Ks. prof. dr hab. Włodzimierz Wołyniec Rektor Papieskiego Wydziału Teologicznego we Wrocławiu
TEOLOG W SŁUŻBIE CZŁOWIEKOWI I KOŚCIOŁOWI Laudacja z okazji nadania kardynałowi Gerhardowi Ludwigowi Müllerowi, prefektowi Kongregacji Nauki Wiary, doktoratu honoris causa Papieskiego Wydziału Teologicznego we Wrocławiu
Drodzy i szanowni uczestnicy dzisiejszej uroczystości!W moim wystąpieniu chcę podjąć próbę przedstawienia naszego dzisiejszego Doktora honoris causa, uwzględniając jego najbardziej oryginalne i najgłębsze zarazem aspekty teologicznej posługi. Każdy człowiek wyraża siebie i określa poprzez słowo i czyn. Dlatego słuchając słów kardynała Müllera i patrząc na jego czyny można określić go jako teologa, który jest najbliżej życia, który żyje i pracuje w komunii Kościoła, sięgając do fundamentów teologicznej budowli.
TEOLOG NAJBLIŻSZY ŻYCIU
Jeżeli dobra teologia nie może być jedynie teorią i czysto intelektualnym wysiłkiem ludzkiego umysłu, lecz musi być bliska codziennemu życiu, to teologię kardynała Gerharda Ludwiga Müllera można określić jako teologię najbliższą życiu. Po zakończeniu wykładów i akademickich dysput profesor Müller wyjeżdżał w przerwach semestralnych z Monachium przez ponad czternaście lat do najuboższych wiosek peruwiańskich Andów i do dzielnic slumsów Limy, La Paz czy Sao Paolo, dzieląc życie przez osiem tygodni z najuboższymi ludźmi. O tym doświadczeniu sam wyznaje: „Dla mojego własnego teologicznego rozwoju to odwrócenie kolejności od teorii do praktyki, w kierunku potrójnego kroku: ‘widzieć-oceniać-działać’ okazało się decydujące”[1]. Teologiczne myślenie monachijskiego Profesora zmieniało się i kształtowało przez bezpośredni kontakt ze skrajnym ubóstwem, kiedy sypiał na udeptanej stopami gliniastej glebie w prymitywnych chatkach Campesinos, kiedy znosił niewygody związane z pchłami i świnkami morskimi, kiedy jadał pospolitą zupę ziemniaczaną i kukurydzę na parze, kiedy doświadczał całkowitego braku opieki lekarskiej, elektryczności i toalet. Na bazie tego doświadczenia poznanie misterium wcielonego Słowa, które stało się człowiekiem i zamieszkało między nami (por. J 1,14), misterium Trójjedynego Boga, który jest miłością (por. 1J 4,8.12) objawionego przez Jezusa, misterium Kościoła i poznanie wszystkich innych tajemnic chrześcijańskiej wiary pogłębiało się i umacniało.

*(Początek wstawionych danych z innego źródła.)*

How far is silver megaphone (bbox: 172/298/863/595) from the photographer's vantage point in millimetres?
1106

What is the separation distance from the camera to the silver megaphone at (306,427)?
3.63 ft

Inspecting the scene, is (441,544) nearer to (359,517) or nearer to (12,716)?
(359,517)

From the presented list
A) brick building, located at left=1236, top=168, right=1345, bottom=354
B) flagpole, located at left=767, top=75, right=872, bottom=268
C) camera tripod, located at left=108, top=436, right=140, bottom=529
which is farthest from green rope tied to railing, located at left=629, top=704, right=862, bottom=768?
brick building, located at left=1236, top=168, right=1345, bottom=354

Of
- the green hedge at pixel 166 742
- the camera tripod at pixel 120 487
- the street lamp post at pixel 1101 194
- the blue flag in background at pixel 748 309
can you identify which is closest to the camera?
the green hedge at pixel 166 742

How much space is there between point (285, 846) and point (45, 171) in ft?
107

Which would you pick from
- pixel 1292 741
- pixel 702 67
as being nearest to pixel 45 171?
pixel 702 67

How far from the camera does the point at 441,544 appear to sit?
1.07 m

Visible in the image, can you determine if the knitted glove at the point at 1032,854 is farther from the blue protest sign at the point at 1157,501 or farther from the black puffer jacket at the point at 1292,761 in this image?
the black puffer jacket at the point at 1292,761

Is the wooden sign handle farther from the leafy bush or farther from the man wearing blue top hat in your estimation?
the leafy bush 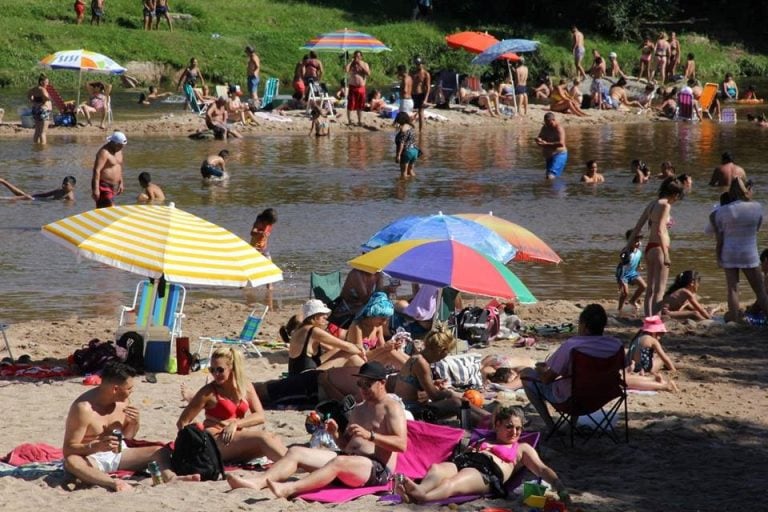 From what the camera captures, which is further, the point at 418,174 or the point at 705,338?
the point at 418,174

Wchodząc w życie najuboższych kardynał Müller poświadcza, że do zrozumienia Jezusa Chrystusa i Jego Ewangelii nie wystarczy czytanie Pisma Świętego i książek. Potrzebny jest także bezpośredni kontakt z ubogimi i wejście w ich świat, jak uczynił to wcielony Syn Boży stając się dla nas ubogim, aby nas swoim ubóstwem ubogacić (por. 2Kor 8,9). Jeżeli Objawienie Boże dokonywało się poprzez konkretne historyczne wydarzenia i sytuacje życiowe, to także dzisiaj dociera ono do każdego z nas i staje się zrozumiałe poprzez konkretną ludzką rzeczywistość, poprzez wejście w ludzki świat, zwłaszcza w świat ludzi ubogich, z którymi najbardziej jednoczy się wcielony Syn Boży. Oczywiście taka teologia, którą można nazwać teologią najbliższą życiu, musi powalać na kolana, czyli musi stawać się teologią na kolanach, ponieważ wejście w świat najuboższych i dzielenie ich życia wymaga Bożego światła i mocy.
TEOLOG W KOŚCIELE
Kongregacja Nauki Wiary w instrukcji Donum veritatis z roku 1990 przypomniała, że wśród wielu powołań wzbudzanych przez Ducha Świętego w Kościele wyróżnia się powołanie teologa (nr 4). W myśl tego dokumentu, teolog nie wykonuje swojej pracy sam, w pojedynkę i w oderwaniu od wspólnoty, ale włączony jest w misterium komunii całego Kościoła. Dlatego „teologowie, na mocy właściwego im charyzmatu, uczestniczą w budowaniu Ciała Chrystusa w jedności i w prawdzie”[2]. Można przypuszczać, że poczucie powołania w Kościele jako teologa pozwoliło kardynałowi Müllerowi przybliżyć się do niezwykłej postaci kardynała Johna Henriego Newmana, którego nazywa on ojcem Kościoła czasów nowożytnych. Głębokie studium jego życia i twórczości z okazji beatyfikacji Newmana zaowocowało wspaniałym dziełem pod tytułem: „John Henry Newman”[3], w którym Kościół zostaje ukazany na nowo jako głosiciel prawdy i skuteczne narzędzie niewidzialnej łaski (por. 1Tm 3,15). Newman, a za nim Müller wykazują, że Kościół pierwszych chrześcijan zachowuje swoją tożsamość i kontynuację w nauczaniu, w sakramentach i duchowym życiu wiernych w Kościele katolickim. Wobec przejawów agresywnego sceptycyzmu i wojującego ateizmu Pan Bóg nie pozostawia ludzkości samej sobie, lecz daje jej narzędzie w postaci autorytetu Kościoła, przekazującego niezmienne prawdy wiary i moralności[4].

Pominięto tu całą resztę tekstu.